■ **WHAT THE EXERCISE ASKS**
Type out the listing below exactly. Pictures stay out of it.

■ **COLLECTED MATERIAL**
■ ■ ■ ■ ■ ■ ■

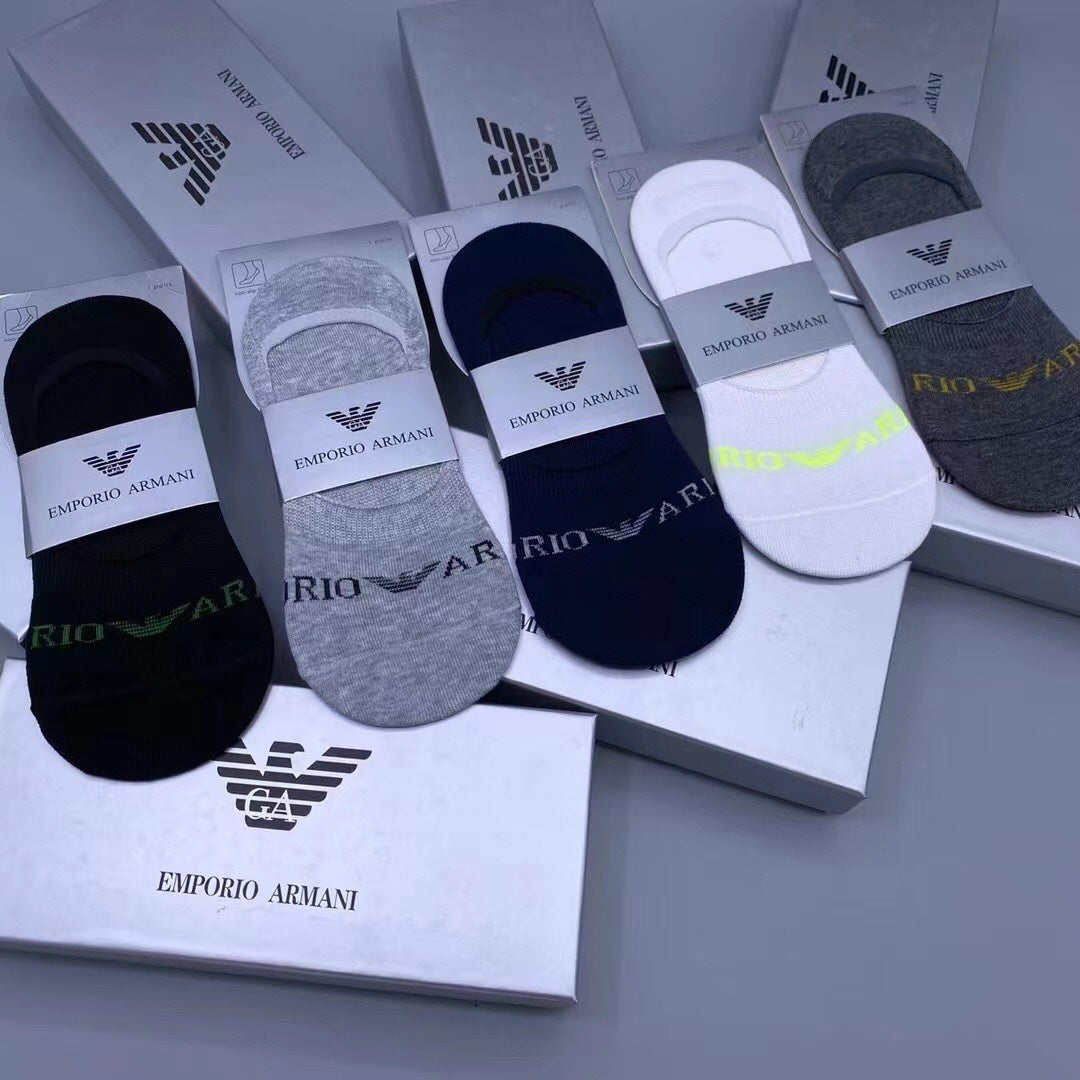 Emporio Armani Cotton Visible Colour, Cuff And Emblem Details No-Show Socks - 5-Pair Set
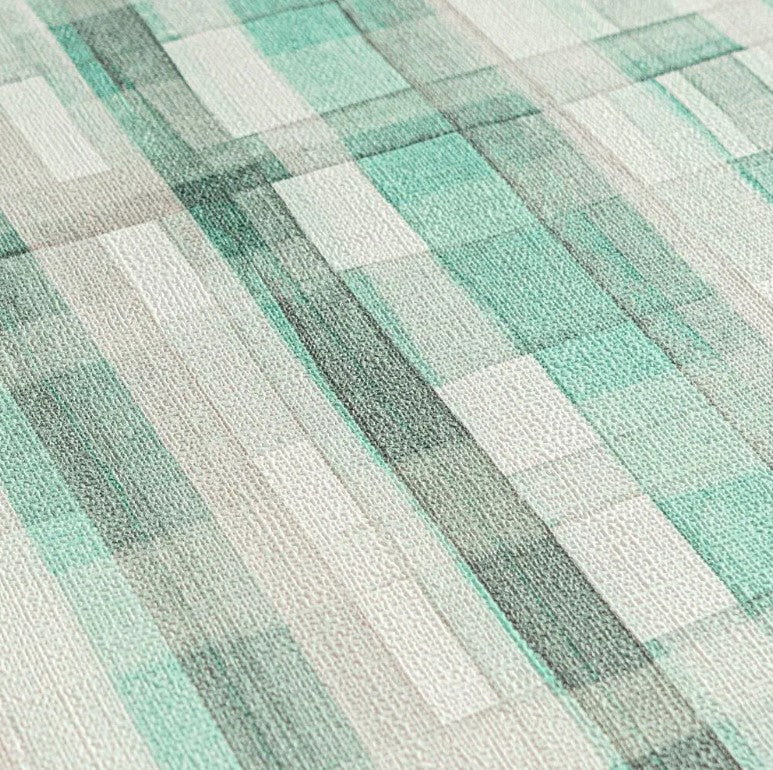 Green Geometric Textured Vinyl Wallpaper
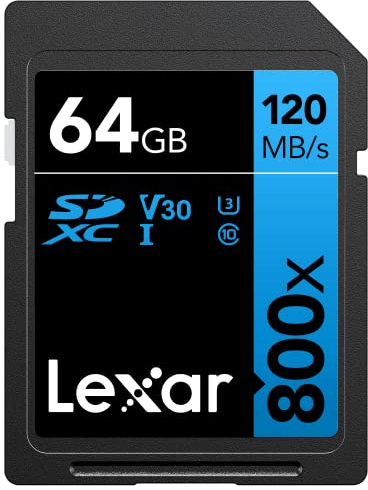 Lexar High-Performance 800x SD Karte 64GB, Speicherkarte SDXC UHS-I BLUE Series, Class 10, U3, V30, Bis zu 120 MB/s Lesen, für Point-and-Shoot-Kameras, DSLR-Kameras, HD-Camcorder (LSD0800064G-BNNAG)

■ ■ ■ ■ ■ ■ ■

■ **REPLY**
 Emporio Armani Cotton Visible Colour, Cuff And Emblem Details No-Show Socks - 5-Pair Set
 Green Geometric Textured Vinyl Wallpaper
 Lexar High-Performance 800x SD Karte 64GB, Speicherkarte SDXC UHS-I BLUE Series, Class 10, U3, V30, Bis zu 120 MB/s Lesen, für Point-and-Shoot-Kameras, DSLR-Kameras, HD-Camcorder (LSD0800064G-BNNAG)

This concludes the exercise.